(Records excerpted from a collection)
┄┄┄┄┄┄┄┄┄┄
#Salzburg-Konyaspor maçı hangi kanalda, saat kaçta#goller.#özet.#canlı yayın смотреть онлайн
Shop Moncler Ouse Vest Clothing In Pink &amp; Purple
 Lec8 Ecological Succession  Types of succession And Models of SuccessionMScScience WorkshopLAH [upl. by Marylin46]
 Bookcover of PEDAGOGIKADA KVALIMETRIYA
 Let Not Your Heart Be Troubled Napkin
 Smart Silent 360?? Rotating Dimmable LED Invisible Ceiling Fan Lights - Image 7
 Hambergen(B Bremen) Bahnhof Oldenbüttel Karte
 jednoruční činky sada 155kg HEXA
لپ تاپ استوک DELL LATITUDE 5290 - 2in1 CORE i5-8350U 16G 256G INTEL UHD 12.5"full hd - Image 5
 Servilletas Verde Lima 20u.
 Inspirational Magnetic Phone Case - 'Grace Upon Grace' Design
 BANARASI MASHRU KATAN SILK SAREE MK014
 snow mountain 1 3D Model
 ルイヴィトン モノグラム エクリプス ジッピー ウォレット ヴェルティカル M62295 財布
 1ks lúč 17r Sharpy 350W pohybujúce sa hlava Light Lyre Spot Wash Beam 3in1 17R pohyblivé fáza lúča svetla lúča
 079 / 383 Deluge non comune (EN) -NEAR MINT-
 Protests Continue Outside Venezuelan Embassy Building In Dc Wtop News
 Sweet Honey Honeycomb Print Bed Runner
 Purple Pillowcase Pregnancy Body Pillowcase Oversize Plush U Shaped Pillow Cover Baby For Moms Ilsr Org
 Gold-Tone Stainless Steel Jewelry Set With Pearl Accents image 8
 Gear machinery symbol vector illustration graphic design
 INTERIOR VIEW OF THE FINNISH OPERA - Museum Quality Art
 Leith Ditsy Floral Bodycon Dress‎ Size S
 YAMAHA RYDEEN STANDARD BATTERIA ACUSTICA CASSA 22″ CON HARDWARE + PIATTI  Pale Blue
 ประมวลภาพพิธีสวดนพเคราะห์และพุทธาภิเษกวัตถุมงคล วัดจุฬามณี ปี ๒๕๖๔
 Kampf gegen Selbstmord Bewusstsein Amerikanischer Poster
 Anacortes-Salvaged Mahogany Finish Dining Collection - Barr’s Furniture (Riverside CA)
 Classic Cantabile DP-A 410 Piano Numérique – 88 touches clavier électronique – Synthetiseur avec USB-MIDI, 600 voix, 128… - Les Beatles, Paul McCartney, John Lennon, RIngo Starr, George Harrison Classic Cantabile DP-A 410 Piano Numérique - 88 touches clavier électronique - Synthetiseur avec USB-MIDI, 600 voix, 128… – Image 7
┄┄┄┄┄┄┄┄┄┄
## Work item
What number of lines in the records hold "Purple"? Reply with that number alone.

## Response below
2